§ WHAT NEEDS TO BE DONE:
Of all the lines below, output only those starting at the one with "Immigrants from Zaire" and ending at the one with "Mini Smart For", both ends included, exactly as written.

§ MATERIAL SUPPLIED:
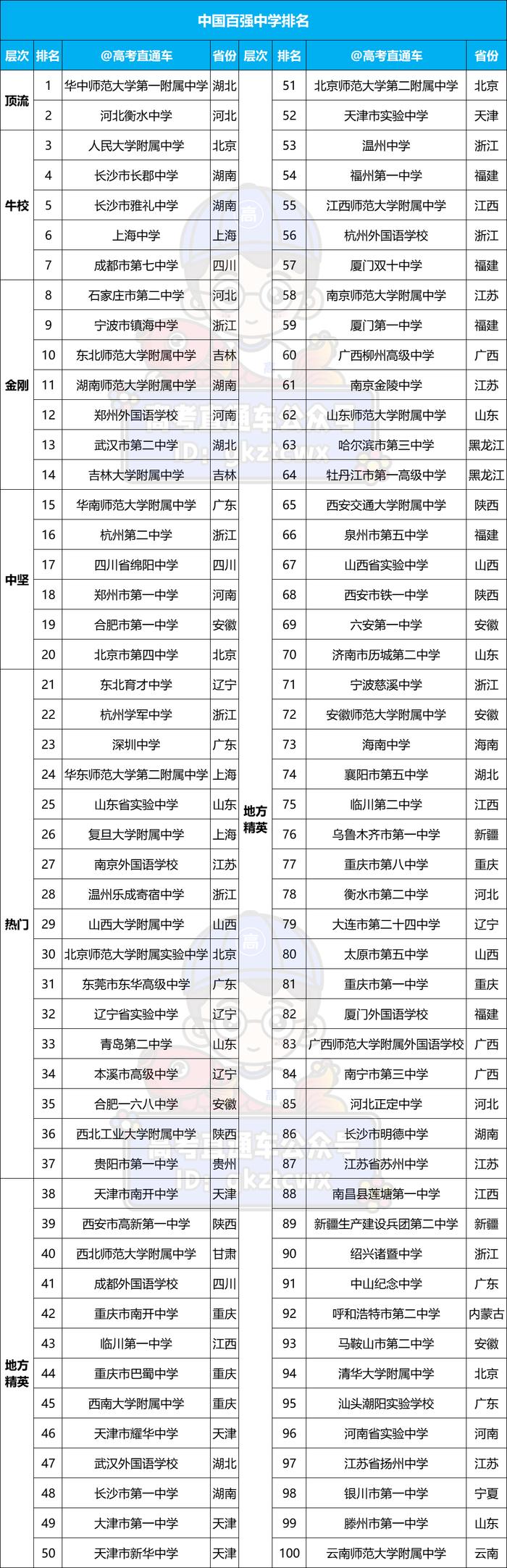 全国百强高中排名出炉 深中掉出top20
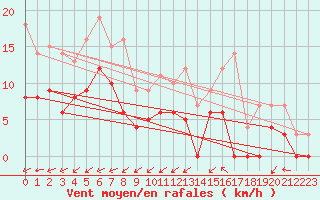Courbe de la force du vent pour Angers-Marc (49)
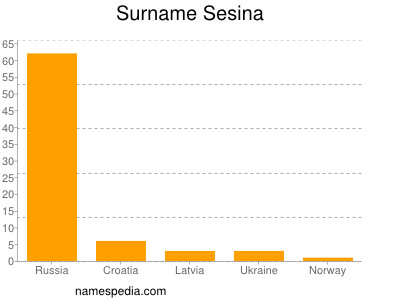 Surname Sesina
--
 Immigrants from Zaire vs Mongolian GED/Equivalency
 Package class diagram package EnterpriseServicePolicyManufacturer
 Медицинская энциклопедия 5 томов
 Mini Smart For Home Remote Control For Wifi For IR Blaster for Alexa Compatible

§ ANSWER AREA:
 Immigrants from Zaire vs Mongolian GED/Equivalency
 Package class diagram package EnterpriseServicePolicyManufacturer
 Медицинская энциклопедия 5 томов
 Mini Smart For Home Remote Control For Wifi For IR Blaster for Alexa Compatible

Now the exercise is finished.